FFRF awarded Taylor $500 for her essay.
When I was 5, my mother tells me, I dispelled the myth of Santa on my own. It just doesn’t add up, I explained to her. The whole square peg-round hole chimney thing, the Santa-can-be-in-two-places-at-once deal, flying reindeer and his status as a caroler-frightening, telepathic voyeur just didn’t sit right.
And I mean, I wasn’t a physicist, but what I had observed in a short five years told me that this was all physically impossible. I was a skeptic at 5.
My mother tried to reassure me, most likely because she didn’t want to ruin the excitement of a strange man leaving surprises in my house. It wasn’t until the next year that she confirmed my suspicions. When I finally got my first-grade class huddled around me at recess, I laid it out for them very simply: Santa isn’t real. As you can imagine, they all took it pretty hard. One girl started crying hysterically, so to console her I said I was joking.
Religion was betraying me, so I walked out on it.
Seven years later in a church basement surrounded by confirmation candidates, the priest asked for anyone who didn’t believe in God to raise their hand. Looking around, it seemed I was the only one in my whole CCD class who wasn’t eating what he was serving. But remembering The Santa Incident, I sat on my hands, thinking that Father Tim might throw up or that the nuns would riot.
My Catholic indoctrination started about the time I was dissing Santa and, despite my earlier cynicism, I welcomed it with surprisingly open ears as most impressionable children do. Let me tell you, I was lovin’ me some Catholicism. I listened intently, I prayed and even wanted to be a saint like the ones I was reading about, especially the martyrs.
But I lost it somewhere between lectures suggesting that women are inferior to men and that homosexuality is wrong. I was a young lady of 13 with aspirations for a career as a doctor or an author. I was even the only girl at school who played the drums and played them better than most of the boys. I was equal, and there was no way I was going to be a toilet-scrubbing baby factory.

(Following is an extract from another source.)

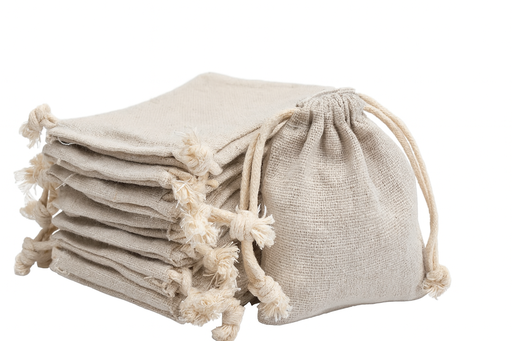 [BOL-MUS-GEN-BASE16] Bolsa de Muselina con Cordon 8x8cm Und Reutilizable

I’d been exposed to unconventional lifestyles by then. My father was a “house husband,” while my mom won the bread. A couple of my family members are gay. I’ve never thought it anything but natural and normal that other families were different from my own. Religion was betraying me, so I walked out on it promptly and with hard feelings. It lied to me (how could you!) about everything, including the existence of god.
I first reasoned how it was impossible for god to exist by taking an historical approach, which made it easy to see gods, and then god, as a human construct. I let myself out of the “cave,” as Plato might say. Thus began my atheism.
A woman of action
Now, with religion out of the way, I’m a woman of action and certainly not a couch potato. I’m making up for all the hours spent hunched over in a pew and for all the dollars I dropped into collection baskets. One of my main beefs with religion is the encouragement of nonaction, via prayer and meditation, mistaking it for action. When disaster strikes, a spiritual individual will spend minutes and hours over a lifespan kneeling with their eyes closed, speaking to themselves.

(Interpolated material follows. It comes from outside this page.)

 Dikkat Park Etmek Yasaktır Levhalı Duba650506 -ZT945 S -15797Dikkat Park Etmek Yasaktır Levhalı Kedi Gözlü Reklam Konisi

The believer reflects on the issue they wish to ameliorate by repeating an instilled chant. By doing so, they become one step closer to acquiring arthritic knees and nothing more. This is not to say that reflective thought is destructive or nonconstructive. It is prayer that is not productive. The “pray-er” is not devising a plan to physically assuage whatever is distressing them or society at the time. They are just thinking about it.

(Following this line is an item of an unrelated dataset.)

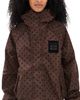 GANNI GANNI Printed Flyweight Nylon Jacket Chicory Coffee - 1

The difference between secular reflection and prayer is that nonbelievers understand that thought, though an effective and appropriate prelude to action, isn’t action. This is not to say that believers are never productive, because they can be. There’s just one major interference — their belief that nonaction yields consequence. Progress requires doing, because good intentions are not enough. Ironically, believers (particularly Christians) hop to their feet without hesitation to advocate for legislation that makes life complicated for certain groups (cough-women, cough-gay people, cough).
But the main impediment to pro-gress is the whole heaven and hell thing. We get one life to live, and the afterlife is a major distraction to living it. “Life might suck now but no worries, pray a bunch and you will be rewarded in the afterlife.”
No, if people do not take steps to better their lives, it will always suck. Besides, if you believe in heaven, then you also believe in its stifling counterpart. Therefore, access to the VIP after-party is a total coin toss. So where’s the motivation, people? If everyone understood how brief the human experience is, there might be fewer drones and more progress.
Fully aware of the true time I have, I take advantage of every opportunity that comes my way. I spend time outdoors, read avidly and travel. I know how much there is to experience in so little time, so I advocate for complete equality so that no one’s access to any part of the human experience is infringed upon.
I’ve gotten over The Santa Incident for humanity’s sake. I will have a voice because the crying doesn’t bother me anymore. Religion is an obstacle to the complete and proactive life. I am an atheist, not a couch potato.
Taylor McGill, 20, was born in Flemington, N.J., and is a junior at Rutgers University in New Brunswick. She’s majoring in English with a concentration in creative writing and is minoring in philosophy. Her interests include writing, poetry, music, film, philosophy and human rights issues.